=== EXERCISE MATERIAL ===
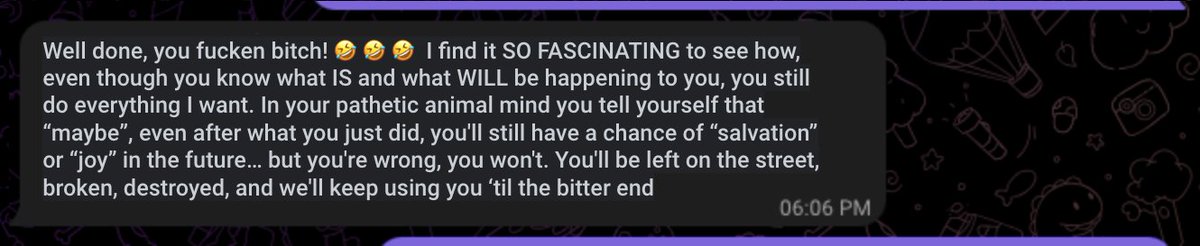 n3wslav3's tweet photo. from yesterday's interaction between a #CASHMASTER and this #cashslave
things seem to have reached that tipping point where they will start to down spiral really fast for this inferior
#DNAIsDestiny #Ruin #Fear #StillProcessing #FindomTruth #ItAintAGame https://t.co/SuPaDsEzqp
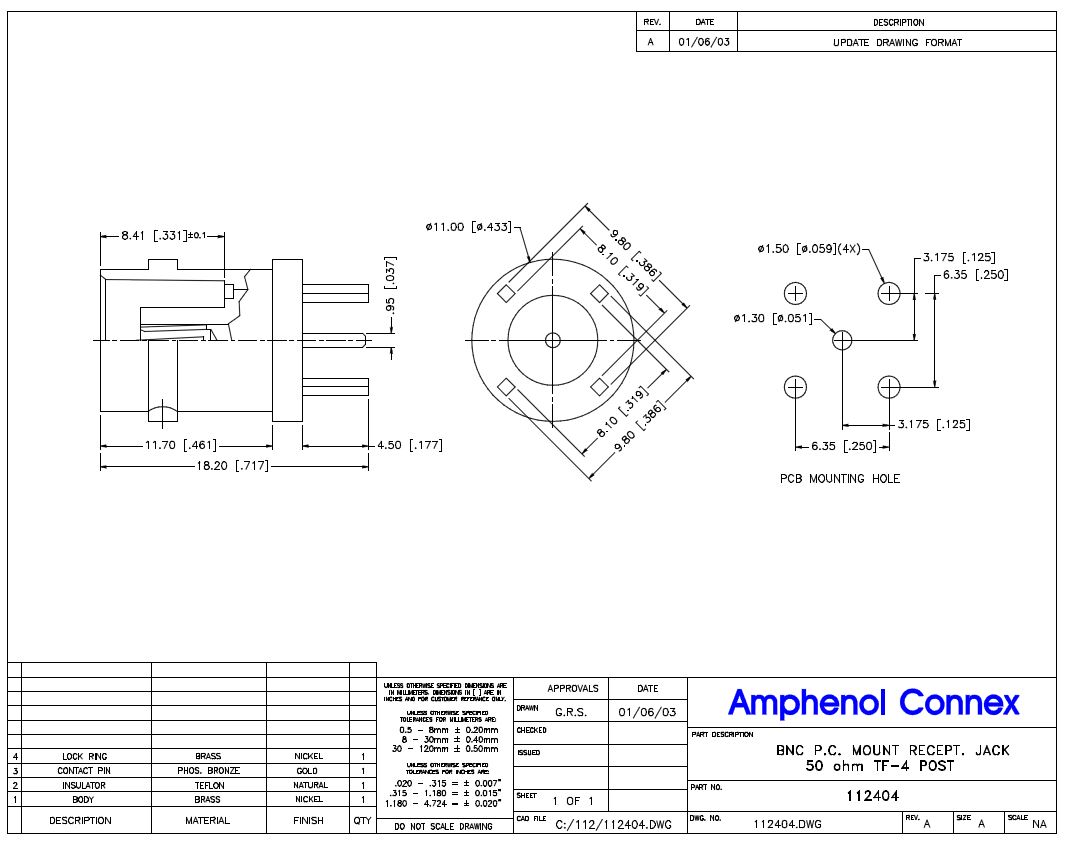 RF 4 GHz BNC同轴隔板垂直PCB连接器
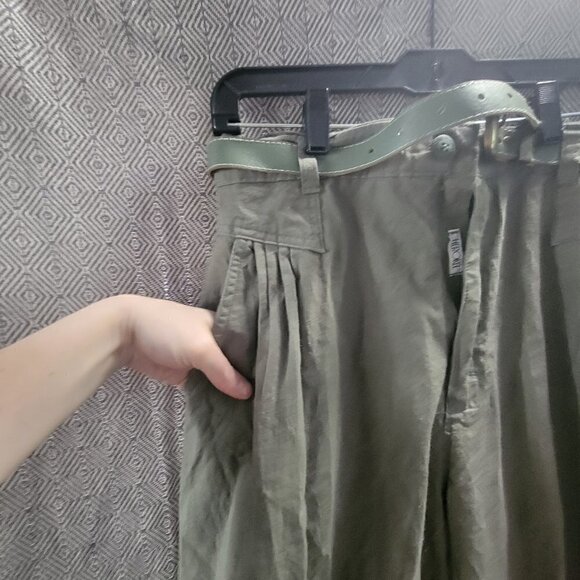 Cherokee Vintage HighWaisted Navy Green Pleated Trousers With Belt Size 14 - Picture 11 of 13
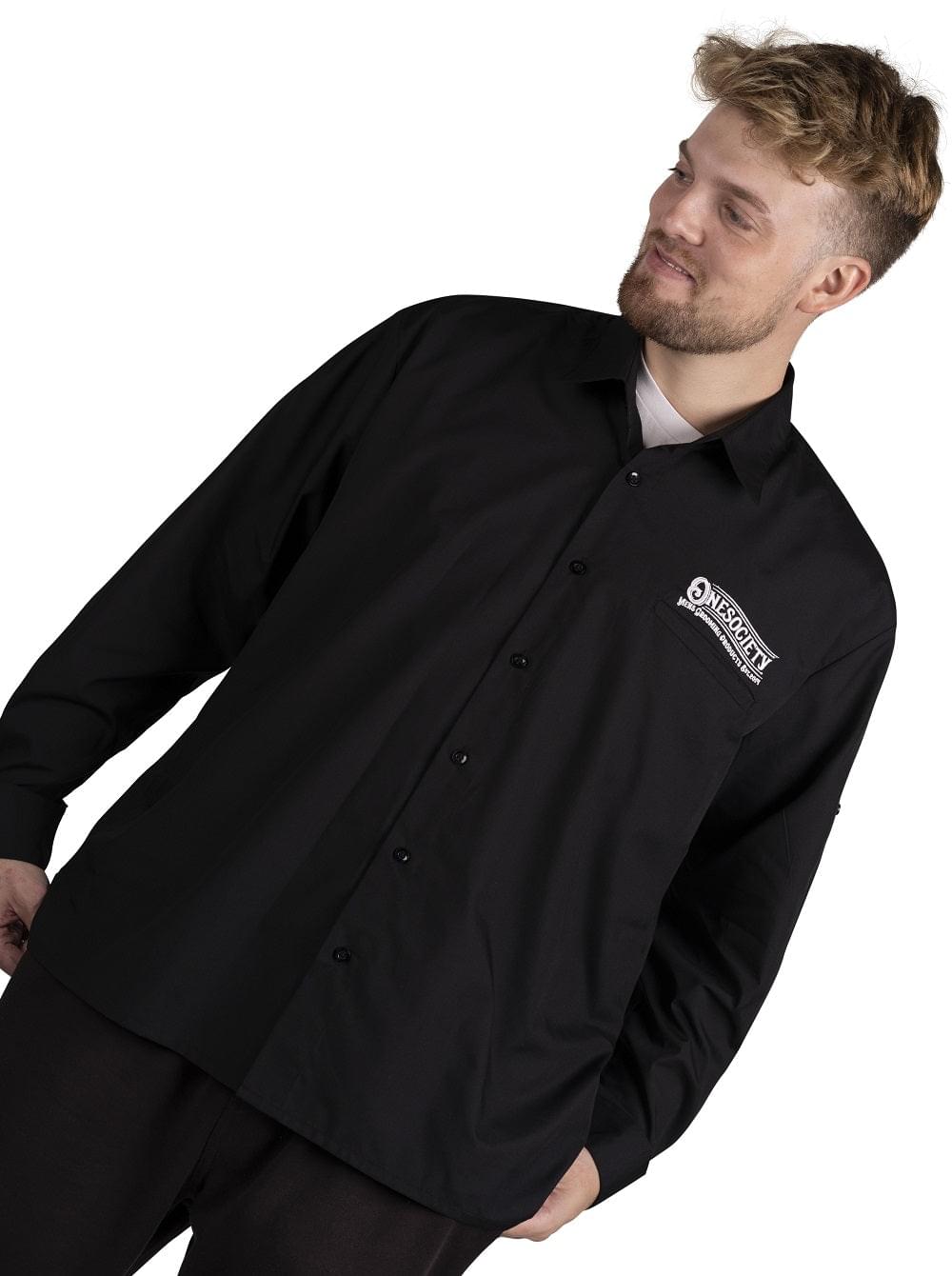 One Society Premium Black Shirt - Stand Out with Embroidered Details, Roll-Up Sleeves, and Vented Pocket. Onesociety Men's Black Thick Shacket.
===
WHAT IS REQUIRED:
Each line from the first line of the entries through the line containing "Cherokee Vintage HighWaisted" should be duplicated word for word, and nothing more; the pictures stay out.

EXERCISE SOLUTION:
 n3wslav3's tweet photo. from yesterday's interaction between a #CASHMASTER and this #cashslave
things seem to have reached that tipping point where they will start to down spiral really fast for this inferior
#DNAIsDestiny #Ruin #Fear #StillProcessing #FindomTruth #ItAintAGame https://t.co/SuPaDsEzqp
 RF 4 GHz BNC同轴隔板垂直PCB连接器
 Cherokee Vintage HighWaisted Navy Green Pleated Trousers With Belt Size 14 - Picture 11 of 13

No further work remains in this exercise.